And that’s when I started, up in Philadelphia. I moved up there with my Dad, not living with him, but like very close to him.


I still had a lot of rage for him, and he married this chick. I couldn’t even possibly begin to go into that. I would go into his house and take stuff. I just thought that he deserved whatever I did totally to act however I wanted to, because of one thing that he had done.


I tried to go see this counselor at my school up there. He was the only person that I ever, like counselor type person, that I would ever talk to, and tried to explain to him some of the things. And he told me that I had this personality where I was always trying to fill myself. I said I eat too much, I smoke, I do bong hits, whatever it is, I bite my nails. And he said that there was an ancient Chinese philosophy where there is this type of person that always tries to fill themselves, to fill this hole, and they will fill it with whatever they can. And that what I should do is accept being empty.


And I tried that for a while. I started to isolate. I spent time alone. But most of the time I spent it with people, but alone. I would go to this place in Philly called “the Stars,” which was like way out on the wrong side of town. I would walk in and it was like, “Hi, I’m white, and you’re all not.” It was like a Jamaican dance hall. They searched you at the door and stuff, for guns.


And I would hang out all night. Shit like that, just going places where I could be alone in a group of people.


I would miss appointments with this counselor through that school, I would miss classes. It used to just kill me because it was like what I wanted to do. I was in art school and I was doing the shit that I wanted to do. And I would say to myself, “No, I don’t want to get high before I go to class.” Because I am doing photography and you have to remember logic, which is not easy for me, but I would get high anyway. And that whole fucking pain was always there.

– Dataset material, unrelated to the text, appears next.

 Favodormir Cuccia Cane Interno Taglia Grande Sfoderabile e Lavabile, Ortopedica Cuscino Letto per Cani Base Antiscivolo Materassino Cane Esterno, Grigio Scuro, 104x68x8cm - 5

The one thing that I can say about my whole life is that I hurt. I really believed that there was something wrong and I really didn’t think about suicide, but I used to think about just absolutely not caring either way. If I lived, I lived. If I died, I died. I used to walk out of movies halfway.

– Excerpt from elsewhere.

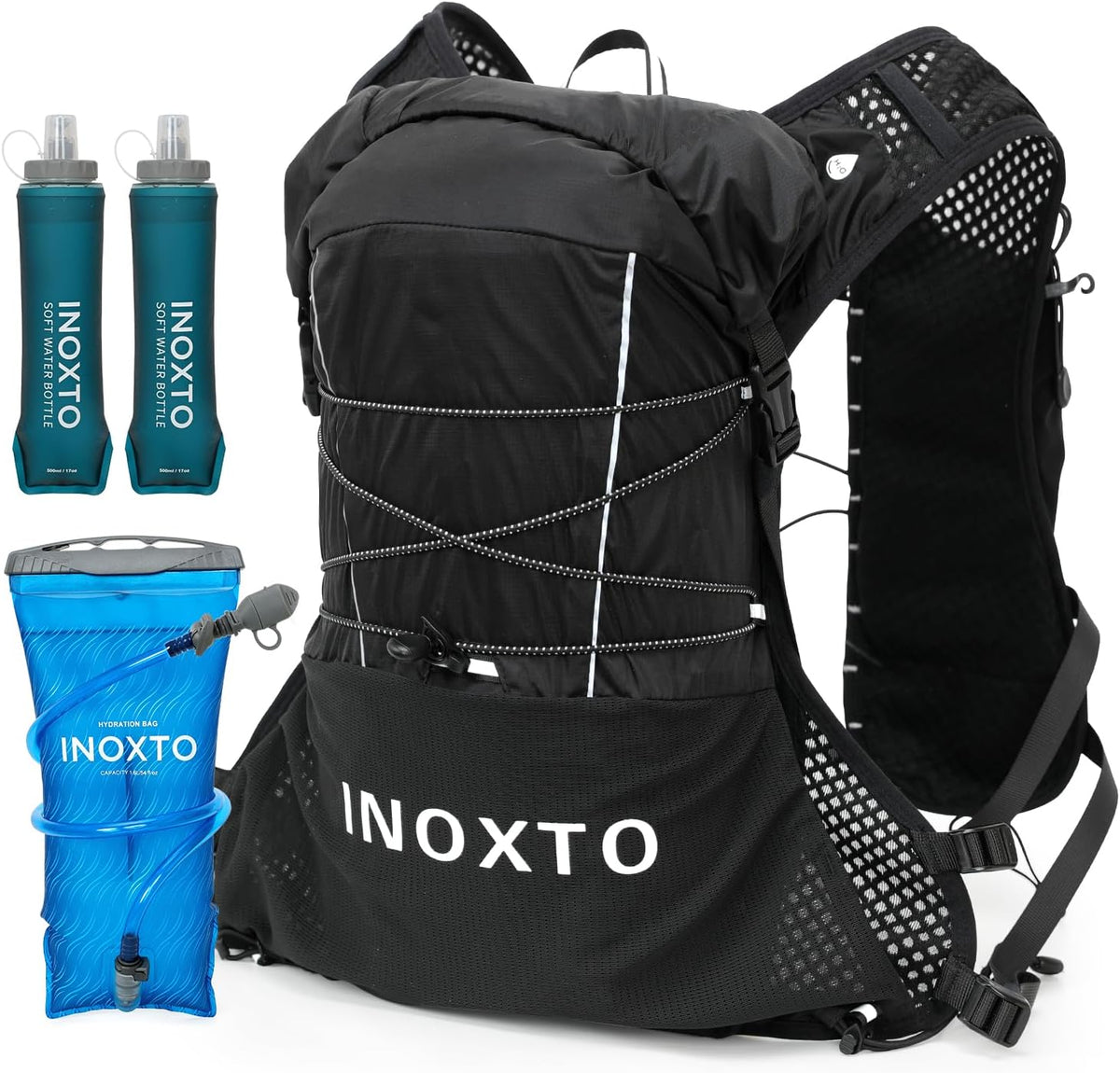 IX INOXTO Running Vest Hydration Backpack, Lightweight Running Backpack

It doesn’t matter how it ends. I seen enough, I’m ready, it doesn’t matter. But I used to always feel stagnant. Nothing was going to change. Nothing ever changed, no matter where I was it didn’t matter. I would build my hopes up for one thing and then it would fall. So no use to do that.


I really try to get inside my head. Like walk around, it’s so hard to explain, like putting myself into a psychosis. Just walk around in my head and not be a part of anything, like watching a movie. And then feeling bad because I wasn’t a part of anything. It’s like let me separate myself and then fill back with the wrong part.
I was completely agnostic. I was completely apathetic to anything. I tried to find a God for a while and then I realized that you’ll never know either way, right, so I just became totally agnostic at whatever I did, and it was a real easy way to do anything.


I came back for school to D.C. and it was the same. I went back up to school from D.C. and my next year, sophomore year, and there were hassles about what classes I was going to take, because I didn’t do very well the first year. I started writing a lot. I would sit up all night and just write about some shit, and it just seems that everything that happened, everything, every place I was, was all a blur. It just didn’t matter, it was just a movie. And it was just pain and Lou Reed and heroin.


Then a dramatic moment happened. The Grateful Dead came to Philly. These people were dipping crystal in my room, making sheets to sell. I needed money, and I got busted — by school, not the police. Which was lucky for me, I guess. It was just horrible. My whole life was fucking horrible. Nothing you could like pinpoint, just where I was at was not a good place. Like the counselor was talking about an empty person always trying to fill themselves. That’s just what I was. I was just empty all the time and I kept trying new things to maybe change that, but it never worked.


Anyway, so I left when they came in and searched my room and everything. I split. I ran away and went up to a rehab. People told me to just look at it like a “Club Med” type thing, like maybe they’d have horses there or something. I don’t know what happened. I don’t know when I said, “Okay, this is what I need to do right now.” I think what it was mostly was that same apathy, the same agnostic thing. “Oh, well, I guess I’ll do it. I don’ t care.”


It started feeling good. No, it didn’t, it didn’t feel any different really. It was just something that I did. And I came back to D.C. and I just started going to meetings. I don’t know why. People came up to me and I made friends. It started working. I guess I started seeing some differences. It’s eleven months later and I am still clean and I am still going to meetings every night. And there still is a lot of emptiness, but it’s different.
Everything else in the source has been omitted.